Midwest's message: Hands off our lakes
Multistate pact would put water off-limits to parched South, West
By Tim Jones | Tribune correspondent
May 27, 2008

NEW BERLIN, Wis. — Piece by piece, a 5,500-mile wall around the Great Lakes is going up. You can't see it, but construction is progressing nicely, along with an implied neon sign that flashes, "Hands off—it's our water."

The legal pilings for a 1,000-mile segment of the wall are scheduled to be sunk Tuesday when Wisconsin Gov. Jim Doyle finalizes his state's approval of the so-called Great Lakes Compact, a multistate agreement designed to protect and restrict access to nearly 20 percent of the world's supply of fresh water, contained in the five Great Lakes.

After that will come Ohio, where later this week the legislature is expected to make it the sixth state to endorse the water agreement and advance a strong regional warning to chronically dry regions of the South and West that Great Lakes water is staying here.

"The Great Lakes are our Grand Canyon. It's our resource to protect, it's the backbone of the region," said Joel Brammeier, vice president for policy at the Alliance for the Great Lakes.

States, cities and countries have been arguing over water rights for decades, but the fights —often called water wars—have taken on a heightened sense of urgency in light of prolonged droughts, mounting evidence of climate change and, closer to home, declining lake levels. The drought-stricken Spanish port of Barcelona, for instance, is now shipping in drinking water from large tankers.

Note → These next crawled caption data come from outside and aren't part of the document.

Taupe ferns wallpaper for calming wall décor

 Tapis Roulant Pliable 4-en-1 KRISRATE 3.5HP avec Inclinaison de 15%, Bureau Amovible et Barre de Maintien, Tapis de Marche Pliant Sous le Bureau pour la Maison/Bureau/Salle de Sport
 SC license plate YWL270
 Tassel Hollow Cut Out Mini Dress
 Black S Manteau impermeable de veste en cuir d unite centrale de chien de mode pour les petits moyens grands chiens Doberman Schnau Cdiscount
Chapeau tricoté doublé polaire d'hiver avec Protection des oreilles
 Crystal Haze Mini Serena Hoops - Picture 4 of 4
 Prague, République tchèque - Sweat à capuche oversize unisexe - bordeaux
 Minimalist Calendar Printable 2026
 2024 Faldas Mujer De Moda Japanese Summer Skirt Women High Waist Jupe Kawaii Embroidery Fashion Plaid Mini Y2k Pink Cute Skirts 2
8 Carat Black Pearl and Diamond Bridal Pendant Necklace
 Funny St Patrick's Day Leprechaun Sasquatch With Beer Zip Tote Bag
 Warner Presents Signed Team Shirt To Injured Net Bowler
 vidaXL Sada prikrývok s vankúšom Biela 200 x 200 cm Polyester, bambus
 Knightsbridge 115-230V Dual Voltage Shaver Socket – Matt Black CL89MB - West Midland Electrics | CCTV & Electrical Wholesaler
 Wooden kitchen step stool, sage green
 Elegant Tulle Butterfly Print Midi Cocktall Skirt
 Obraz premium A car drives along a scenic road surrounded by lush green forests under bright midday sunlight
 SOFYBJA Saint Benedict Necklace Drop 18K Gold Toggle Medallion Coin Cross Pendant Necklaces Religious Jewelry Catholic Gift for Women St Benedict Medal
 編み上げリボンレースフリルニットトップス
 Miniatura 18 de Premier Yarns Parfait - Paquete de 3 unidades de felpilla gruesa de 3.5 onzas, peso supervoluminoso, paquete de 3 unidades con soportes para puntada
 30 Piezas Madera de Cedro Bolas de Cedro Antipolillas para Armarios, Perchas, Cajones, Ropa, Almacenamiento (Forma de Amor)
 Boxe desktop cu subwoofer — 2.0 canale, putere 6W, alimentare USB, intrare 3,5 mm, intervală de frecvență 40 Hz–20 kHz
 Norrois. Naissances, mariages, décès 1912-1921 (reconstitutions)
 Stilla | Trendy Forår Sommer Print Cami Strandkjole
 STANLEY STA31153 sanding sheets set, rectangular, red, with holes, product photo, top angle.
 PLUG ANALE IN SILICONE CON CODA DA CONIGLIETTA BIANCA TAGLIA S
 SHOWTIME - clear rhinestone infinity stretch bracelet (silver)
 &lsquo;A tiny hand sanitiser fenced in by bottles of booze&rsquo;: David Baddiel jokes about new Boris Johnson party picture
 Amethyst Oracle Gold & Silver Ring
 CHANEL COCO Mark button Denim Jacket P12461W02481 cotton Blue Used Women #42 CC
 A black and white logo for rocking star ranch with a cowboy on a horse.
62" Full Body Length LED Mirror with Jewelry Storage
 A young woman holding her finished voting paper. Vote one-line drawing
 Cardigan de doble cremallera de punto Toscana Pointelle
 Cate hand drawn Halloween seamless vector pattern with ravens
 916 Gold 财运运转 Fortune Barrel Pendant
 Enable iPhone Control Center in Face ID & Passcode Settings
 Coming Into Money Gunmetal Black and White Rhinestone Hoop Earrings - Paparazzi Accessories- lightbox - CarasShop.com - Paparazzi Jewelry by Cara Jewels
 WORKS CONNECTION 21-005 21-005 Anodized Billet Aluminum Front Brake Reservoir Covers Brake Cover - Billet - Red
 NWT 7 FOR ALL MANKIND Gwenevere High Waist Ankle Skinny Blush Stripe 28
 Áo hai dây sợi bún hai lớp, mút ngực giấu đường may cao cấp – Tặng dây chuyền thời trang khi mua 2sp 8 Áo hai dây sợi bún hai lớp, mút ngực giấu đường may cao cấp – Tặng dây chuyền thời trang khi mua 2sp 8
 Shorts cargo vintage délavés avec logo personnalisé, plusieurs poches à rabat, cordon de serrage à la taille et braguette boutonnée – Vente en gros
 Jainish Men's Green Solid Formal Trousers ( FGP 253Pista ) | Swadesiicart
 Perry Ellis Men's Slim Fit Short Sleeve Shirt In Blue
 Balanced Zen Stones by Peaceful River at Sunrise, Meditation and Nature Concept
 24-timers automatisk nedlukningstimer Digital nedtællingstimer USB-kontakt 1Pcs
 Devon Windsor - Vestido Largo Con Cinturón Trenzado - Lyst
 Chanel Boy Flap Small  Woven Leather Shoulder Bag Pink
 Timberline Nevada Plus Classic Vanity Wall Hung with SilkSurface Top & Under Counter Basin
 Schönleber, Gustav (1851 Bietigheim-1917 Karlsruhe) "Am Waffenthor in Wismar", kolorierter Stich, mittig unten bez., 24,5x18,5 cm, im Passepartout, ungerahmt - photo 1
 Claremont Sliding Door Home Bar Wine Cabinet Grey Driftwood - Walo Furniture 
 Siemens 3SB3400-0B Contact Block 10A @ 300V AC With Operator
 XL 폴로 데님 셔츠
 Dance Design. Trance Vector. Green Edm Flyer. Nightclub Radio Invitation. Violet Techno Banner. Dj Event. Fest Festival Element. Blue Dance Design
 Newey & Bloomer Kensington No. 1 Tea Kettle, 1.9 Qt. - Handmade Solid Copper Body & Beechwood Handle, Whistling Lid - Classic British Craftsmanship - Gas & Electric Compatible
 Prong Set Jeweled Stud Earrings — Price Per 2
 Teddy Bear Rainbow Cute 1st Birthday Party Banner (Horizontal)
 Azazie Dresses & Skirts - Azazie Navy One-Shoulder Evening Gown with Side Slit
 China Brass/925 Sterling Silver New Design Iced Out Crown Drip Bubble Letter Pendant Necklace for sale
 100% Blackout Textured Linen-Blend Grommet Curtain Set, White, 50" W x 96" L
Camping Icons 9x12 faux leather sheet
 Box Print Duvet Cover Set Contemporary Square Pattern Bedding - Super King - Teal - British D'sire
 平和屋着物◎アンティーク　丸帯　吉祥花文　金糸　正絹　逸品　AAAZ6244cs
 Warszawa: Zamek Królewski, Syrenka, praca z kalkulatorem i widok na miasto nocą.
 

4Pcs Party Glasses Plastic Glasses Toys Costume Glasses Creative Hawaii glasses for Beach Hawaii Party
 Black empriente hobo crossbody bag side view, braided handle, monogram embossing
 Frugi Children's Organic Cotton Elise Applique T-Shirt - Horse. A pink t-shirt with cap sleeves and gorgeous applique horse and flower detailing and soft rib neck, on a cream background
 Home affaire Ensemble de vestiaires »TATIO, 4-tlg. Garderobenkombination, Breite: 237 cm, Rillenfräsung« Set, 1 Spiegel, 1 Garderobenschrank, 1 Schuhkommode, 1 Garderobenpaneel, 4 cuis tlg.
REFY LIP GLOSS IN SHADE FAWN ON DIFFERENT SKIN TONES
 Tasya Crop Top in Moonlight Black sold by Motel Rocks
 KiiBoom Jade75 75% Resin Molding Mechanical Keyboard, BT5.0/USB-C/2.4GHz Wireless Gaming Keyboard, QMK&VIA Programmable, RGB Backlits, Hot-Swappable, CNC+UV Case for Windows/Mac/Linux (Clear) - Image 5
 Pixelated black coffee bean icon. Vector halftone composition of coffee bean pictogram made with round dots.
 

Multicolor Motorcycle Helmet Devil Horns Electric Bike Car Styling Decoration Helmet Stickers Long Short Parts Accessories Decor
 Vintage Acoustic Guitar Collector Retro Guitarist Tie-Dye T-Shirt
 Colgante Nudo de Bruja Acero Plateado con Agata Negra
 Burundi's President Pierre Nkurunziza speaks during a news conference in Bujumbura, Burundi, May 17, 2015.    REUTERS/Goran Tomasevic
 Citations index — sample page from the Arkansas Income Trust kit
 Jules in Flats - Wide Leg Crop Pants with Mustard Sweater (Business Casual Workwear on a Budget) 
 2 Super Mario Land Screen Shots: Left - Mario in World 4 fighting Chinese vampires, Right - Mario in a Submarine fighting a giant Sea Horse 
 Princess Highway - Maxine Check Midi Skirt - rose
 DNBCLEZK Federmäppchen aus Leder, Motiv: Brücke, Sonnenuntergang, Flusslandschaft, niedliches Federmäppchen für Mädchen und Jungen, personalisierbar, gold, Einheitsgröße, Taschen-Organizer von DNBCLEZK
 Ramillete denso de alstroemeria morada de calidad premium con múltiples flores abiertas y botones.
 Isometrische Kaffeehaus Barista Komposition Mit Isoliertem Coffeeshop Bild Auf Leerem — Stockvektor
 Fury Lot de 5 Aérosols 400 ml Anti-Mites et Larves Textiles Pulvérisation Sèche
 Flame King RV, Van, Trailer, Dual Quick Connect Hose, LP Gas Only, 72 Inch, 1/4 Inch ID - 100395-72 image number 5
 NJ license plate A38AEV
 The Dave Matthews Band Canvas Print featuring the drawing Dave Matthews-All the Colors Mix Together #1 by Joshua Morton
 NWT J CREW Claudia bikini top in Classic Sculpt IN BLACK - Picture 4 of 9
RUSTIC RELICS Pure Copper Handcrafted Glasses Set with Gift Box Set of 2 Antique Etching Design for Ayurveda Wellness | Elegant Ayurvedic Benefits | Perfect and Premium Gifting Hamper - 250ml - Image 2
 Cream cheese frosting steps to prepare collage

In the U.S., states in the South and West are hoping for relief from drought conditions that prompted drastic conservation measures last year and renewed talk of water diversions.

In some regards, water is the new oil and the governors of the states adjacent to the Great Lakes are the new OPEC, jealously guarding a resource that will be a big part of their future.

The defense of Great Lakes water is far from complete, though. If Ohio endorses the compact, Pennsylvania and Michigan would have to follow suit. Then the measure would be shipped to Congress for its ratification. Once that happens—and there are no guarantees that it would—the region would have the legal underpinnings to set terms of use for Great Lakes water and establish serious resistance to distant diversions.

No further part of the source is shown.